When we travel to a country that has a different culture than ours, many of us spend time learning ways to communicate and connect with the people there. We might look up the meanings of common terms and access maps of key attractions.

Similarly, when you first become a manager, it’s helpful to spend time up front connecting and creating a common language with your team. When your team knows how you like to work and how you plan to manage them, they’re able to produce results faster. When you know how each of your direct reports likes to work and communicate, you’re able to save time when setting direction and following up.

Consider this example. Sveta, a technical leader, liked to solve complex, technical problems. When she was promoted to manager of a new team, she immediately dug into the new product she was assigned, as well as her team members’ work.
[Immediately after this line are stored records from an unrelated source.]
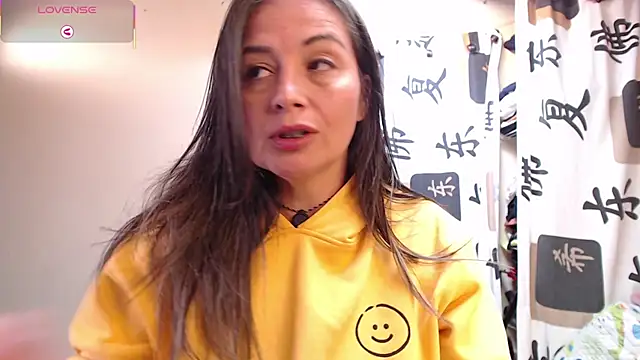 Emma_Henderson Adlı Modelin Canlı XXX Sohbeti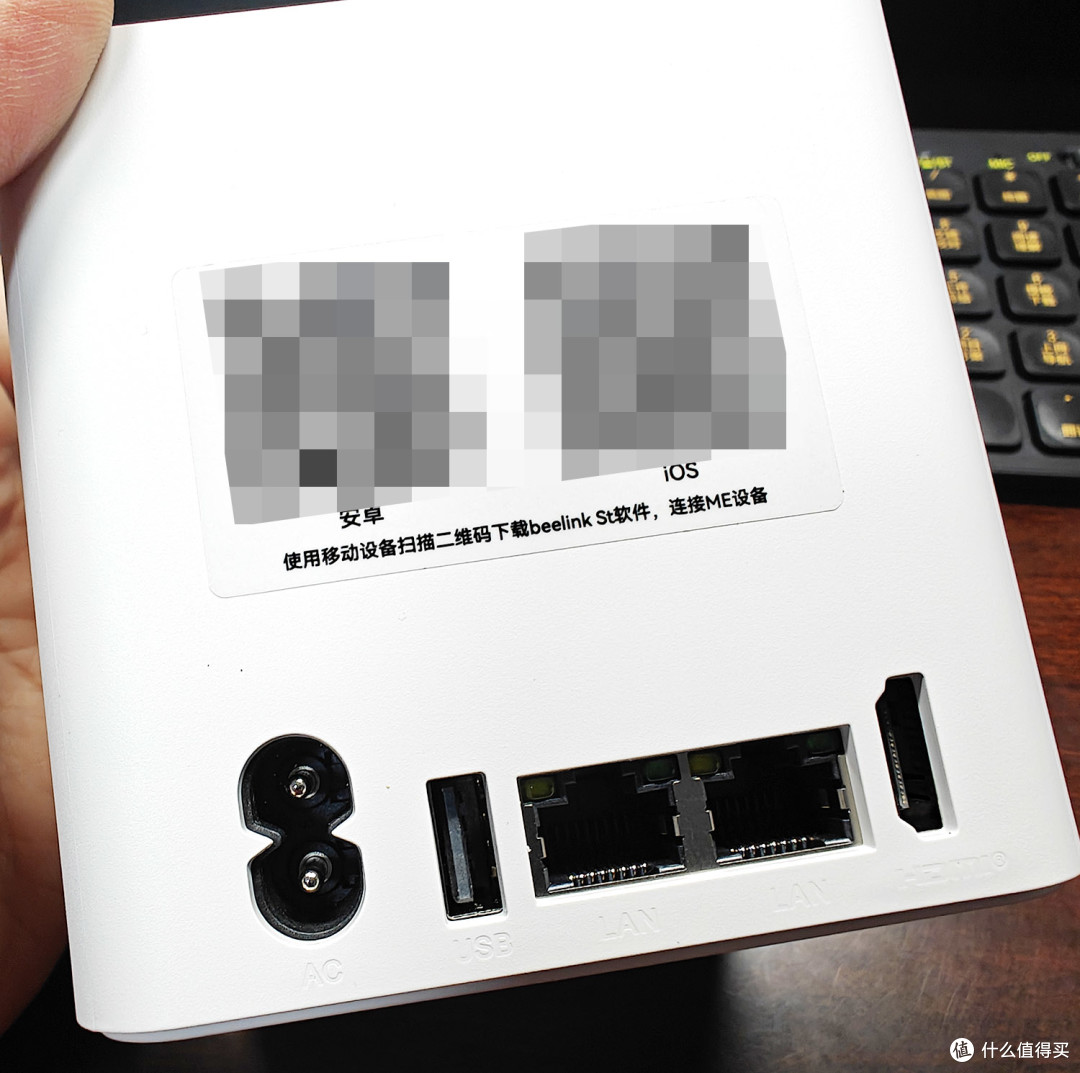 巴掌大小却能插六个固态硬盘的零刻ME mini,居然还能当NAS用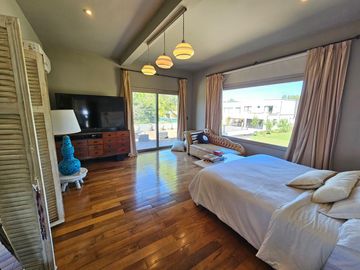 Venta, Casa, 4 ambientes, Pileta, Cochera, Dependencia, Casuarinas del Pilar, Villa Rosa, Pilar.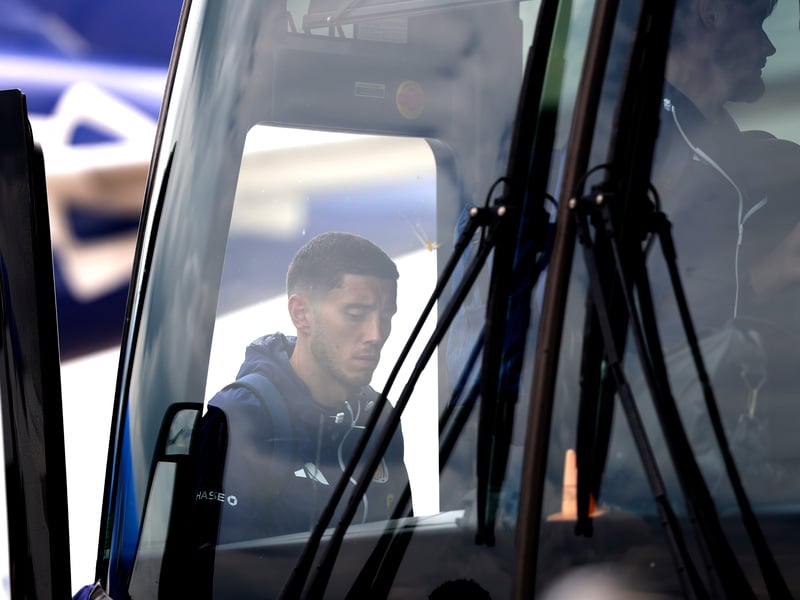 Scotland players getting on a bus at Charlotte Douglas International Airport on June 7.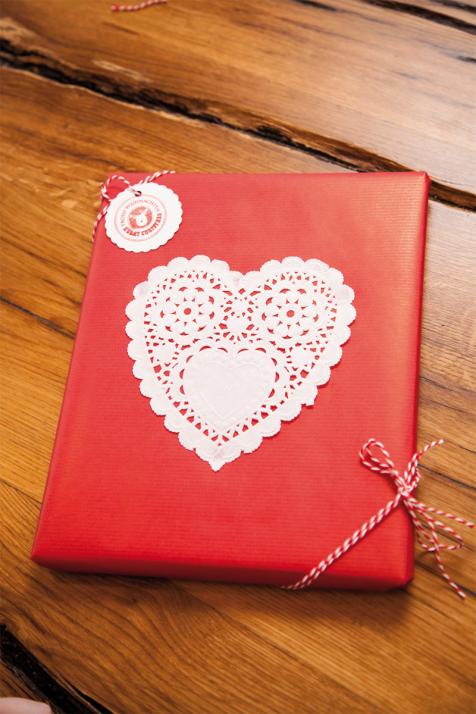 Das Papier mit den getrockneten Stempeln bekleben … fertig!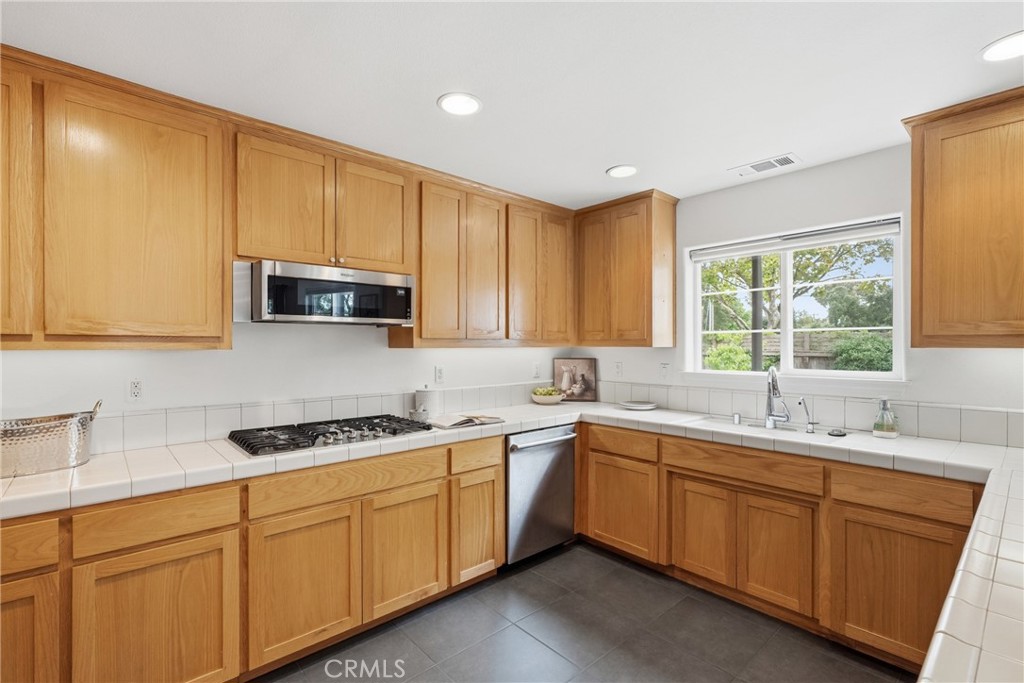 6000 Via Colonia Ct, Atascadero, CA 93422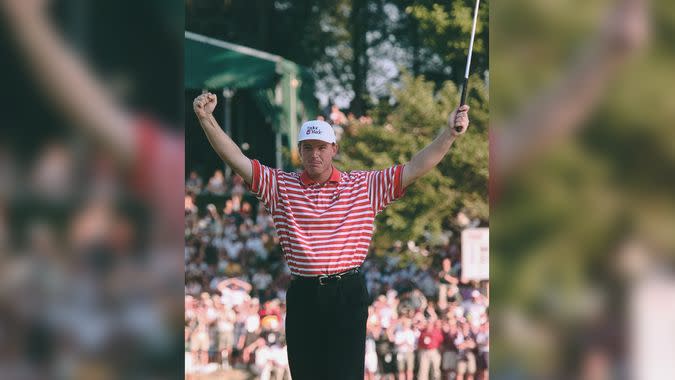 ELS Ernie Els, of South Africa, reacts after finishing the U.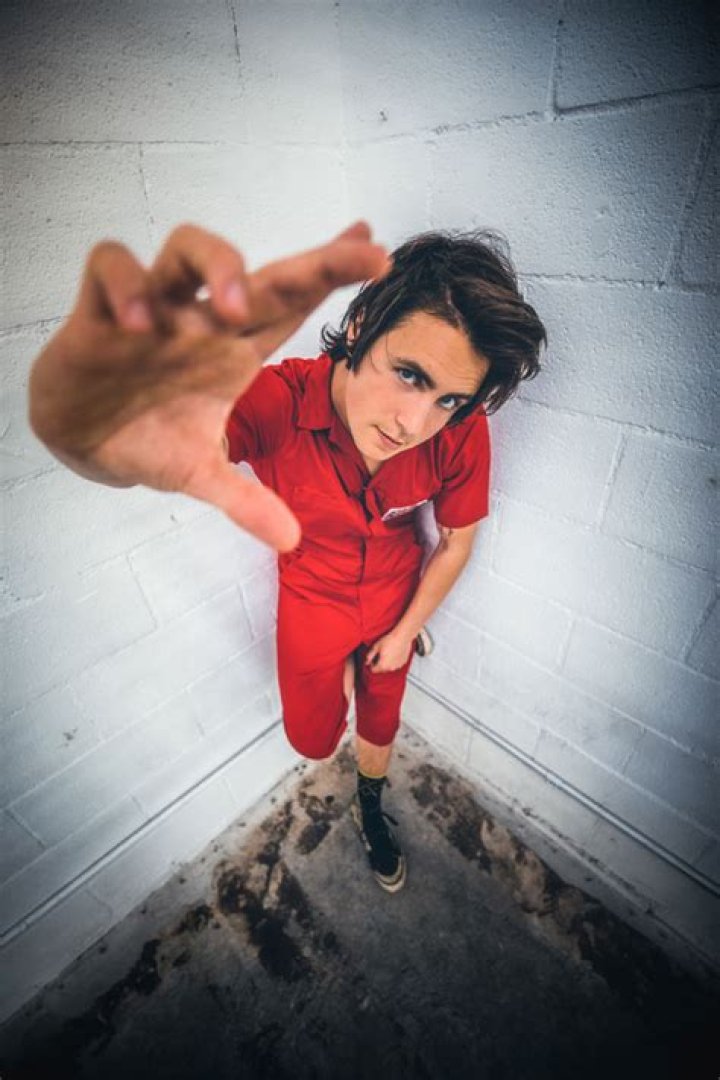 Arrested Youth Talks ‘Brightside’ & Keeping A ‘Positive Perspective’ – Hollywood Life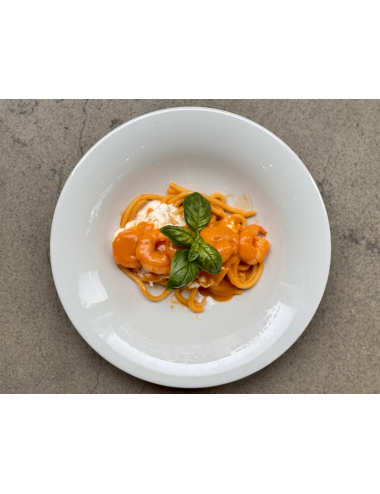 SPAGHETTI WITH SHRIMPS AND STRACATELLA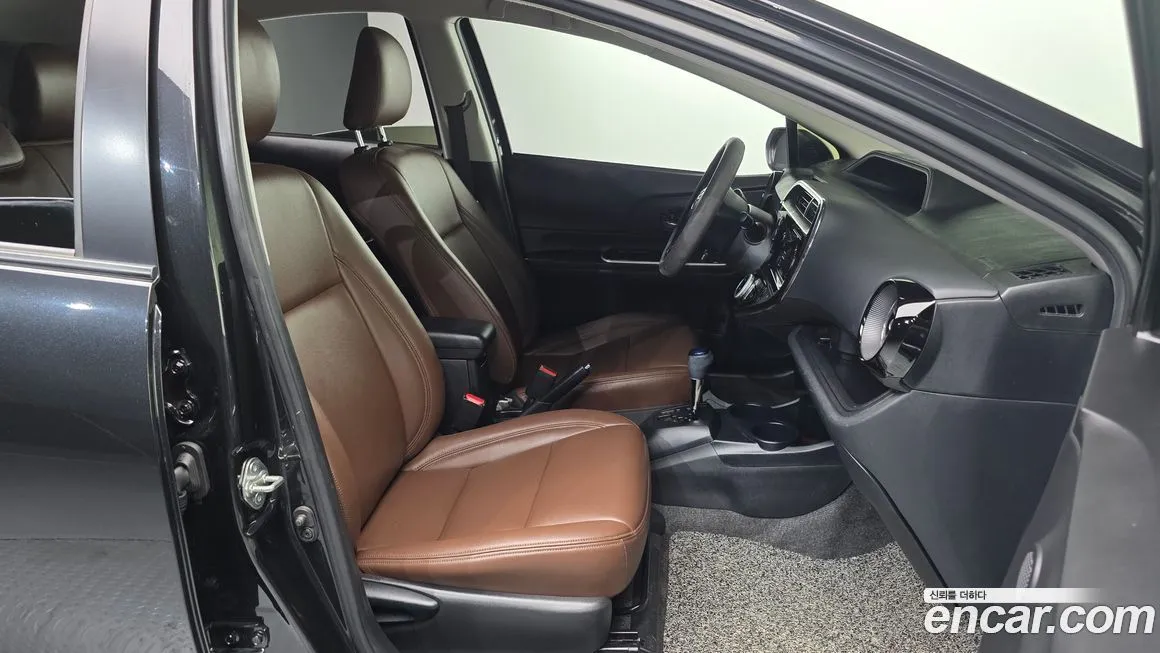 Toyota Prius — фото 8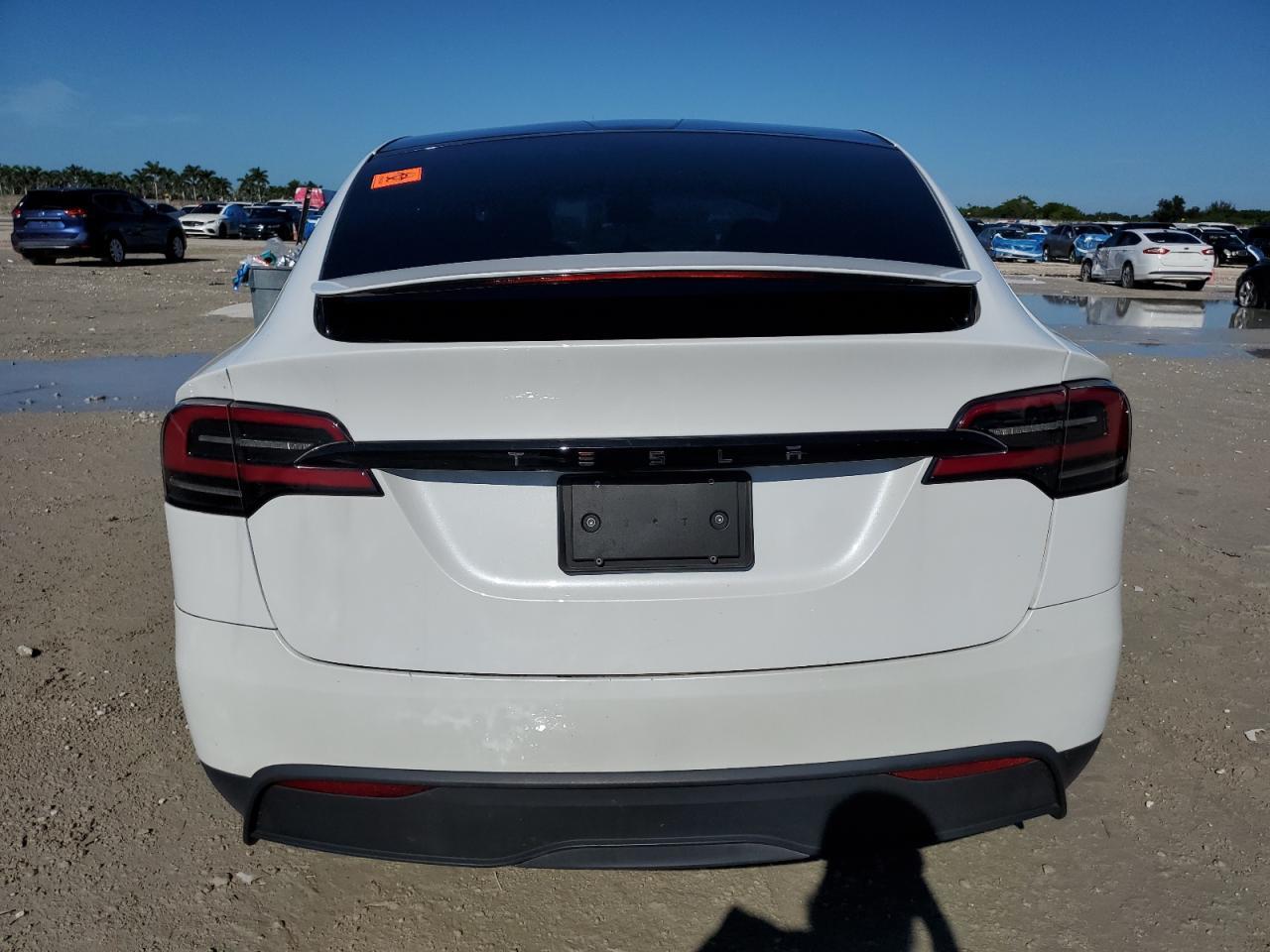 2023 Tesla Model X - Image 6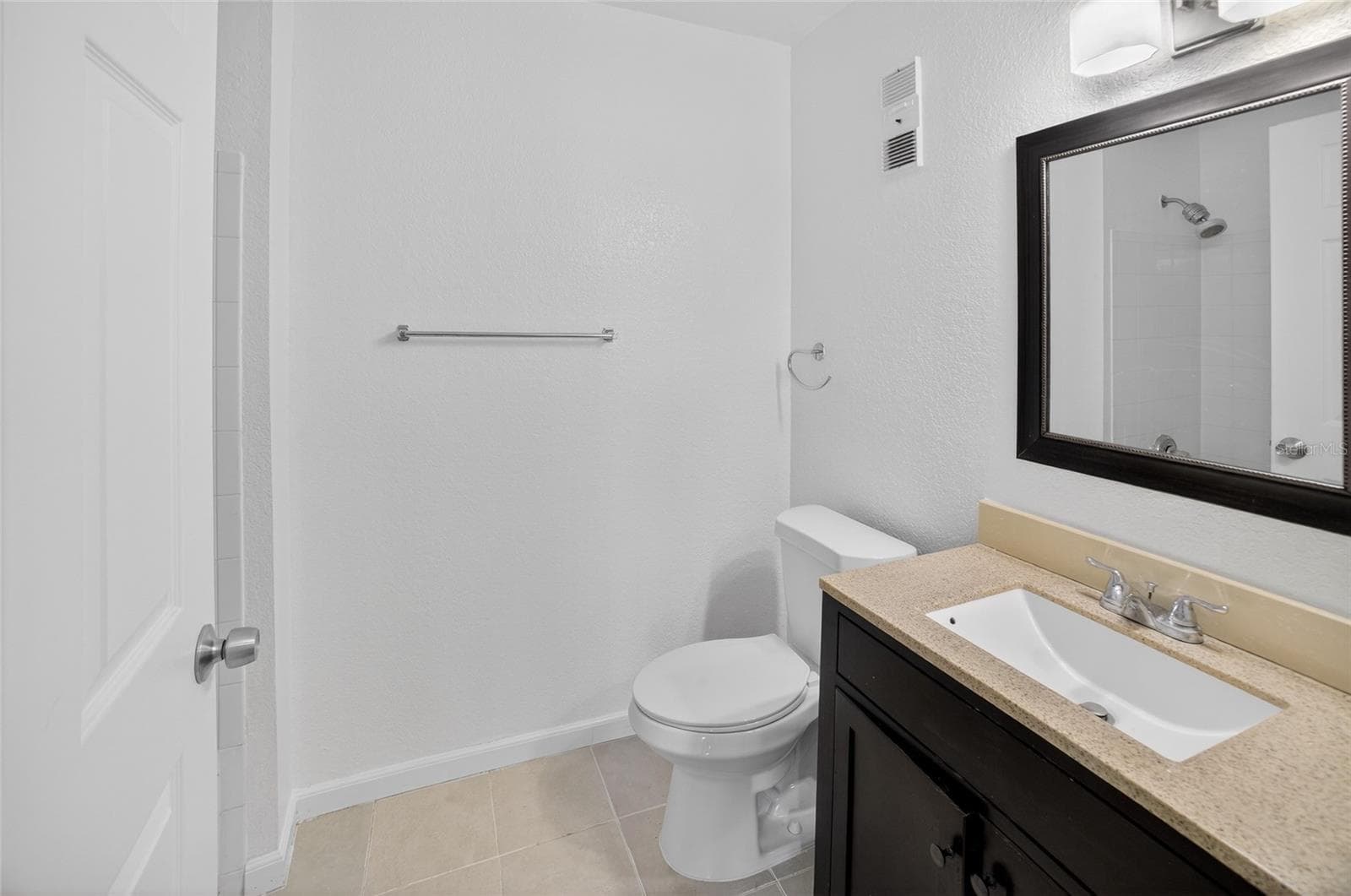 Condominium at 13003 PLANTATION PARK CIR #1323, ORLANDO, photo 17 of 38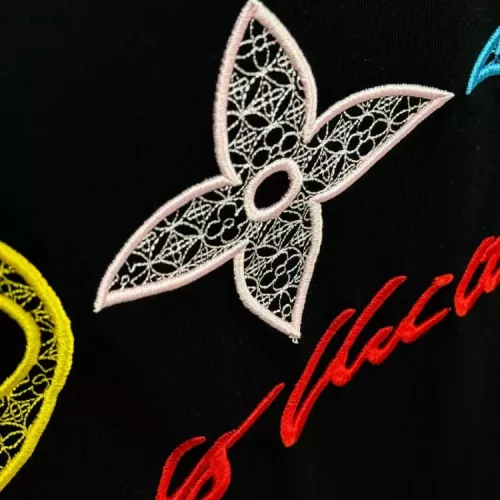 Replica Louis Vuitton LV T-Shirts Short Sleeved For Unisex #1350141 $41.00 USD for Wholesale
Sveta had a keen attention to detail and placed a high value on being efficient. Therefore, she didn’t waste much time or words when talking with her team. She was direct and blunt. Unfortunately, her intentions didn’t match the impact she had on her employees. When Sveta called out problems but didn’t spend time recognizing what people had done well, they thought they were failing. In reality, Sveta was pleased with the overall quality of work but wanted to make sure the remaining issues were corrected fast. As a result, people spent excessive time perfecting things before bringing them to Sveta, and one person started looking at job boards for interesting postings.

After her first month as a manager, Sveta realized she was struggling. She had too many things on her plate because she didn’t know her team well enough to delegate work to them. Sveta’s manager also had some tough feedback for her: three of her direct reports had complained that Sveta was overwhelming them with detailed questions and working directly on their code. Her team was unclear about expectations, saying they had to guess what she wanted or how she felt about their work because most of their conversations were about the specifics of the code rather than how they worked. They felt disconnected and micromanaged.

Sveta needed to connect with and empower her team more. She realized that, just like technical problems, working with people also required some decoding.

At her next team meeting, Sveta shared a table with behaviors specific to her management style, what her actions meant, and how her team could best work with her.

Credit: Sabina Nawaz

After sharing her own table, Sveta asked her direct reports to create their own work-style tables. Each employee then shared their tables during the next team meeting, and they asked questions about others’ tables. This exercise created greater clarity all around, giving Sveta a better understanding of the styles and strengths of her direct reports, and gave her team insight into how to manage up.

The end result was promising. Sveta was able to delegate items more effectively, and other members of the team found they got things done faster with fewer misunderstandings with each other and with their manager.

  • What are some misperceptions people have had about you in the past? Perhaps they haven’t said it to you directly, but a friend or your partner has jokingly commented about it.
  • What do you care most about in terms of how work is done? For instance, think about how you like materials to be prepared for a broad audience.
  • What are some ways that you tend to communicate? Some people tend to be direct, like Sveta, but others take a more indirect approach. Consider where you fall on the spectrum.
  • What are your hot button issues? Maybe you want to know ahead of time if someone is about to miss a deadline, or you don’t like people interrupting you in a meeting.
  • What are some quirks about you? For example, Sveta isn’t a morning person so asked people to defer critical meetings till after 10 am.

Keep in mind that while this exercise is helpful to inform your team of your preferences — and for you to learn theirs — you may need to make some adaptations to your work style. If your team indicates that they find positive feedback motivating, but that’s something you tend to give sparingly, you’ll likely want to take more time to praise and commend your employees, even if it feels strange at first. But discussing preferences and work styles does give you and your employees a starting point to understand one another and work more productively together.

Being a first-time manager can feel a lot like navigating your way in a foreign land. Taking the time up front to learn your team’s language and share your own will create a strong working relationship, reduce misunderstandings, and increase the speed at which you get work done.